Conditional analysis
We selected 113 independent signals based on the distance criterion. For conditional analysis using REGENIE, we included 315 independent CRP-associated signals reported in previous study7,8. To determine whether the above-reported sentinels correspond to the same nearby signal from our results, we conditioned our CRP signals on the previously reported nearby sentinels. Following the definition of a signal proposed by Shrine et al. 51, we compared the original P-value with the conditional P-value of our signals to determine whether the reported sentinel predominantly explains our CRP signal. Specifically, we classified our signal as being explained by a previously reported signal if there was substantial attenuation, defined by a log10P / log10Pconditional ratio > 1.5 and Pconditional > 5.0 × 10−9). The Combined Annotation Dependent Depletion (CADD) of signals was derived from Schubach et al. 52.
Cross-population fine-mapping analysis
SuSiEx53 extends the single-population fine-mapping model, Sum of Single Effects (SuSiE)54, by integrating population-specific GWAS summary statistics and linkage disequilibrium (LD) reference panels from multiple populations. Using the SuSiE framework, each single effect is coupled with the assumption that the causal variants are shared across populations. SuSiEx was conducted on the CRP-associated genomic loci to identify likely causal variants. The resulting variants of each locus to the identification of likely causal variants. The resulting variants of each loci constitute the smallest list of variants that cumulatively have a ≥95% probability of encompassing causal variants.

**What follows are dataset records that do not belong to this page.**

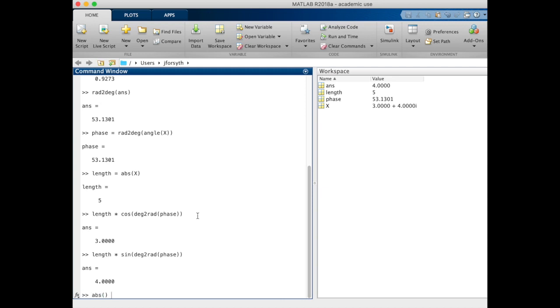We have abs to find the length for absolute value, angle to find the angle between points, and radians to degrees and degrees to radians to help move between our different angle measurements.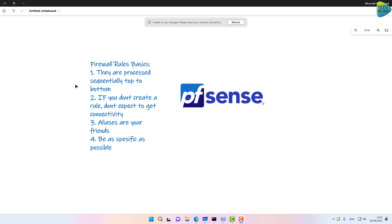The third thing is that aliases are your friends. Aliases in PFSense allow you to create groups for ports, addresses, or whatever you want, and reference them once in a rule. Be as specific as possible — in the destination, source, and port. Don't create generalistic rules if you can be specific.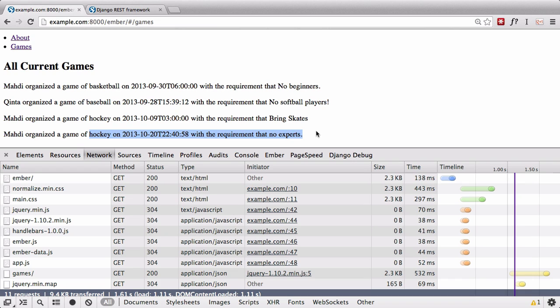That was an introduction to EmberJS. We're going to dive further into this in future screencasts — we'll look into Ember Data as your client-side modeling framework, as well as dealing with individual items on this page and more work with Handlebars. This screencast concludes our beginning tutorial on how to use EmberJS.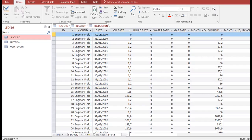Hello everyone, welcome again to the Engman YouTube channel. In this video we will continue our learning on OFM software — Oil Field Manager. It's a very interesting and important software, especially for petroleum engineers, as it can handle big data: production and injection data, reservoir data, pressure data, and so on.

For the LD reference panel, 10,000 Europeans were randomly sampled from the UK Biobank (UKB), whereas for African and Asian populations, the complete datasets from the UKB were utilized, while for the Hispanic population, the HCHS-SOL dataset was used to maximize the robustness of ancestry-specific analyses.
Genomic regulatory and functional enrichment analysis
We used GWAS Analysis of Regulatory or Functional Information Enrichment with LD correction (GARFIELD)55 with default parameters to perform functional annotations, covering regions including DNase I hypersensitivity hotspots, open chromatin peaks, transcription-factor footprints and formaldehyde-assisted isolation of regulatory elements, histone modifications, chromatin segmentation states, genic annotations and transcription-factor binding sites. Based on European meta-analysis (to make the analysis more computationally feasible, only variants with P < 0.1 were included), we applied GARFIELD to DNase I hypersensitivity hotspots annotation across 424 cell lines and primary cell types from ENCODE and Roadmap Epigenomics, deriving enrichment estimates at CRP-genotype association P-value thresholds of P < 1.0 × 10−3, P < 1.0 × 10−5, P < 1.0 × 10−7 and P < 5.0 × 10−9.
Polygenic Priority Score for gene prioritization
Polygenic Priority Score (PoPS) is a similarity-based gene prioritization method that uses extensive set of bulk and single-cell expression datasets, curated biological pathways and predicted protein-protein interactions19. For each locus, the gene with the numerically highest PoPS score was determined to be the PoPS-prioritized gene. In our study, we used Polygenic Priority Score v.0.2 (https://github.com/FinucaneLab/pops), incorporating summary statistics from European-specific meta-analysis and a reference panel of 10,000 randomly selected Europeans from the UKB. We gave priority to genes for all autosomal CRP signals within a 500-kb ( ±250 kb) window centered on the sentinel and identified the top-prioritized genes in the region. For the signals lacking prioritized genes within the 500-kb window, we extended the search to a 1-MB ( ±500 kb) window.
Gene-set association analysis
To evaluate the impact of rare (minor allele frequency [MAF] <0.01) and ultra-rare variants (minor allele count [MAC] <10), we performed gene-level collapsing analysis. In constructing the mask, functional annotations and alternative allele frequency (AAF) cutoff values below 1% were used.
Our primary focus was on rare and ultra-rare protein-coding variants (loss-of-function (LoF) and missense variants) and non-coding variants (ncRNA exonic, ncRNA exonic-splicing, and ncRNA splicing variants). For each gene-level collapse, we report the association P-value derived using the ACAT-O method, implemented in REGENIE (v3.2.6).
All association analyses were adjusted for covariates, including age, sex, and the top 10 principal components (PCs), to account for potential confounding factors and mitigate population stratification. P-values from different datasets were aggregated using the Aggregated Cauchy Association Test (ACAT)56. Bonferroni correction was used to determine genome-wide significance thresholds for gene-level associations (0.05 / 35,790 = 1.397 × 10−6, 18,949 protein-coding genes and 16,841 ncRNAs).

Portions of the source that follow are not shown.